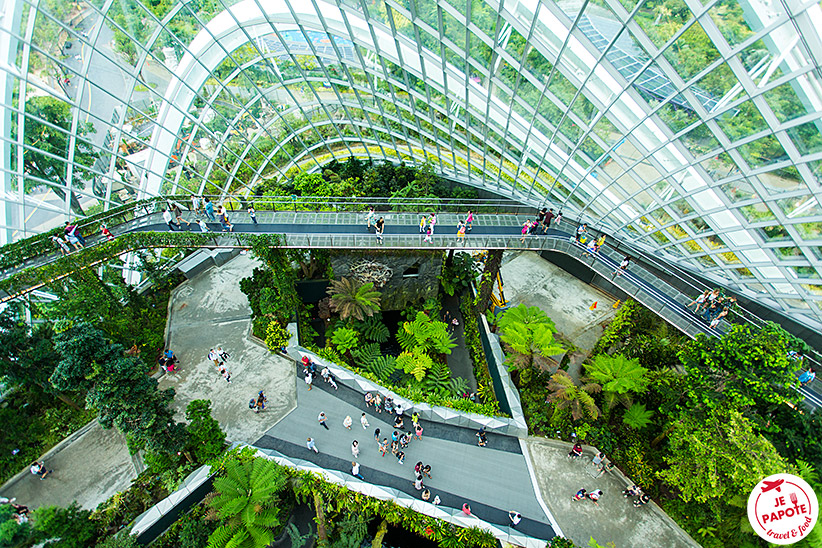 Garden by the bay dome Singapour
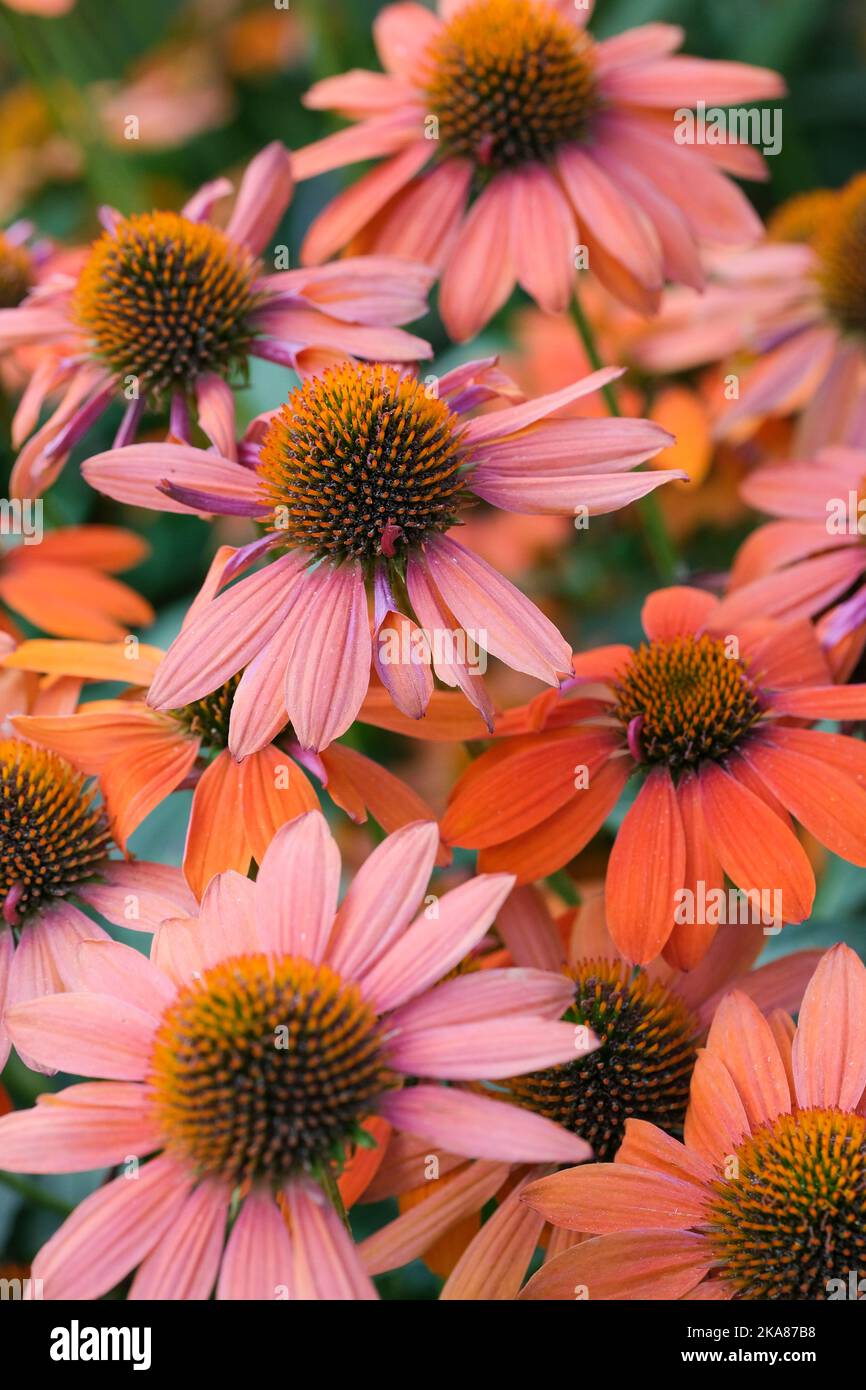 Echinacea Sombrero Adobe Orange, Echinacea Balsomado, Sombrero Series, Coneflower Sombrero Adobe Orange. Perenne, leggermente annegata flor di raggi arancioni Foto Stock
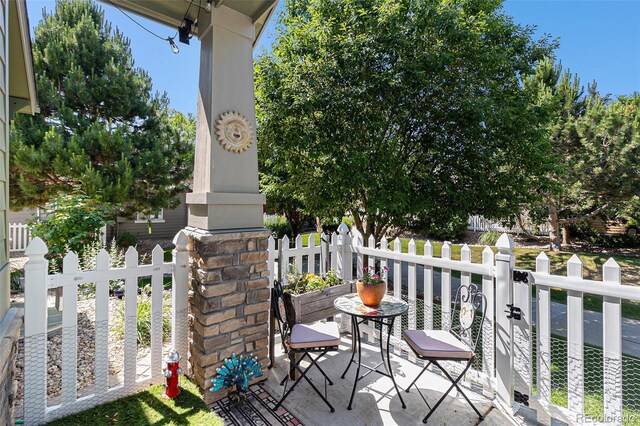 1153 Village Cir, Erie, CO 80516 - photo 20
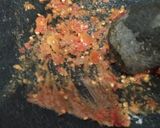 Foto langkah ke 2 dari resep Rujak Coel Bumbu Kacang.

INSTRUCTIONS FOR THE TASK ▸
With the pictures excluded, retype exactly the lines from the one containing "1153 Village Cir, Erie, CO 80516 - photo 20" through the last line of the listing, both ends included.

ANSWER TO THE EXERCISE ▸
 1153 Village Cir, Erie, CO 80516 - photo 20
 Foto langkah ke 2 dari resep Rujak Coel Bumbu Kacang.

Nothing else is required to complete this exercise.